* **REQUIRED WORK**
Please restate the data that follows word for word, with the pictures left out.

* **INPUT DATA**
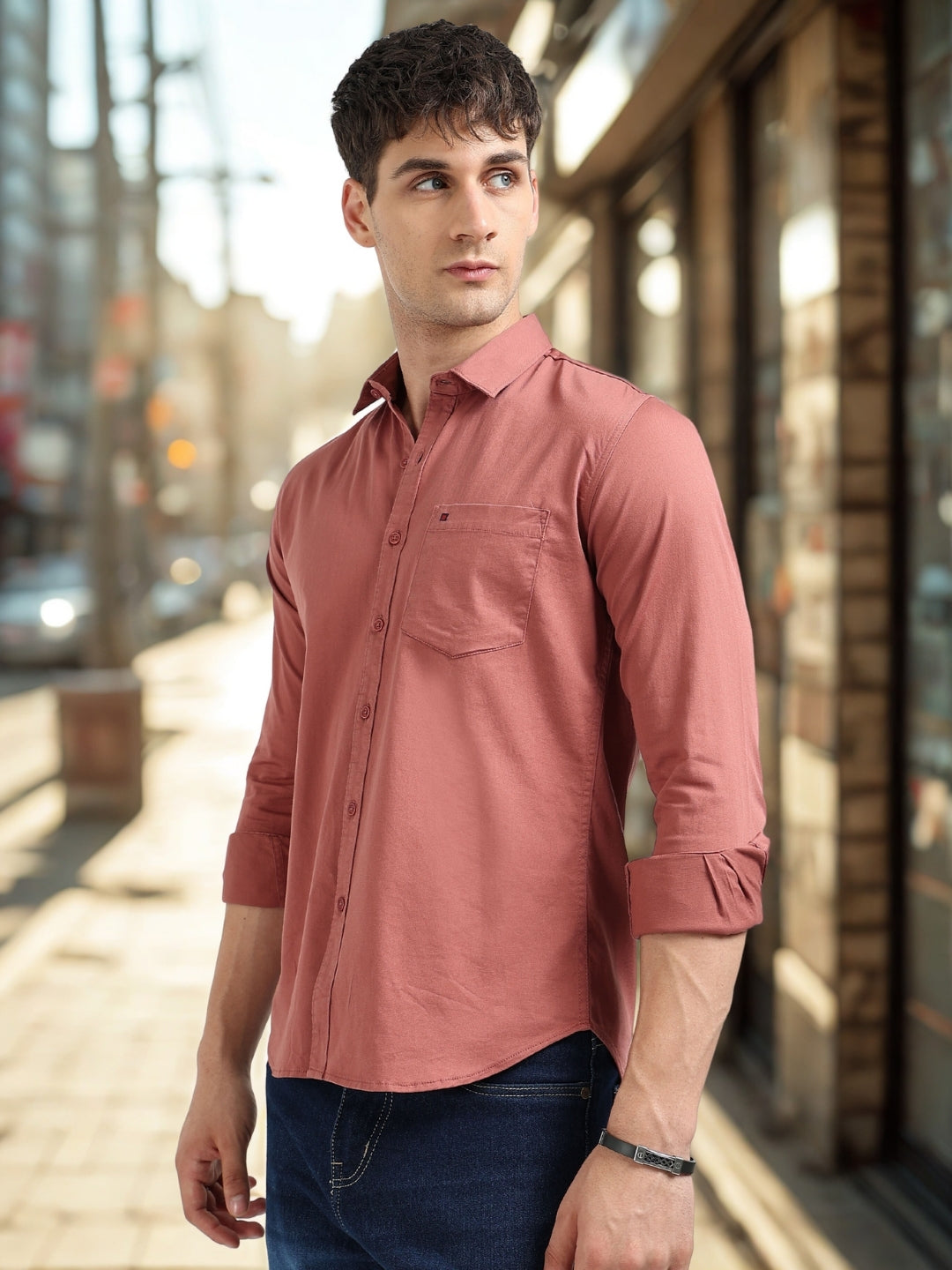 Dusty Pink Solid Slim Fit Casual Shirts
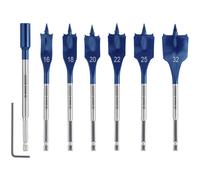 Bosch Professional 7 pc. Expert SelfCut Speed Spade Drill Bit Set (for Softwood, Chipboard, Ø 16-32 mm, Accessories Rotary Impact Drill)
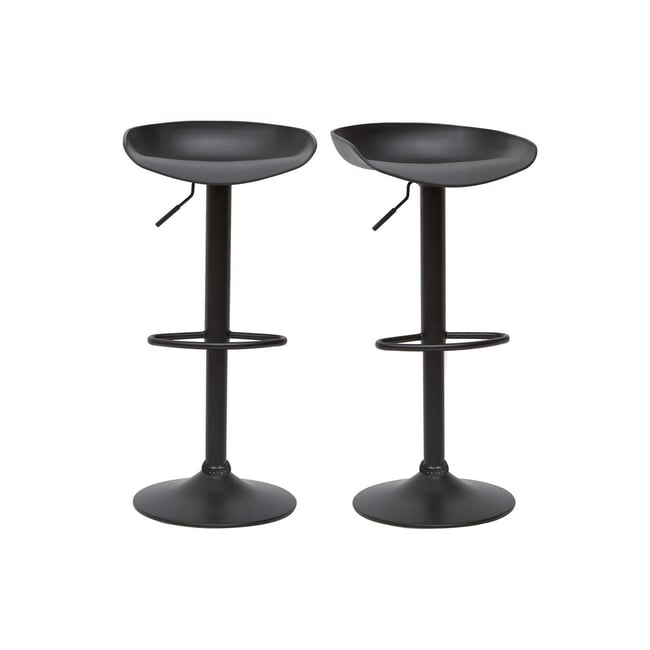 Tabourets de bar réglables design noirs H65 cm (lot de 2) PEBBLE Couleur noir <span itemprop=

* **WORKED SOLUTION**
 Dusty Pink Solid Slim Fit Casual Shirts
 Bosch Professional 7 pc. Expert SelfCut Speed Spade Drill Bit Set (for Softwood, Chipboard, Ø 16-32 mm, Accessories Rotary Impact Drill)
 Tabourets de bar réglables design noirs H65 cm (lot de 2) PEBBLE Couleur noir <span itemprop=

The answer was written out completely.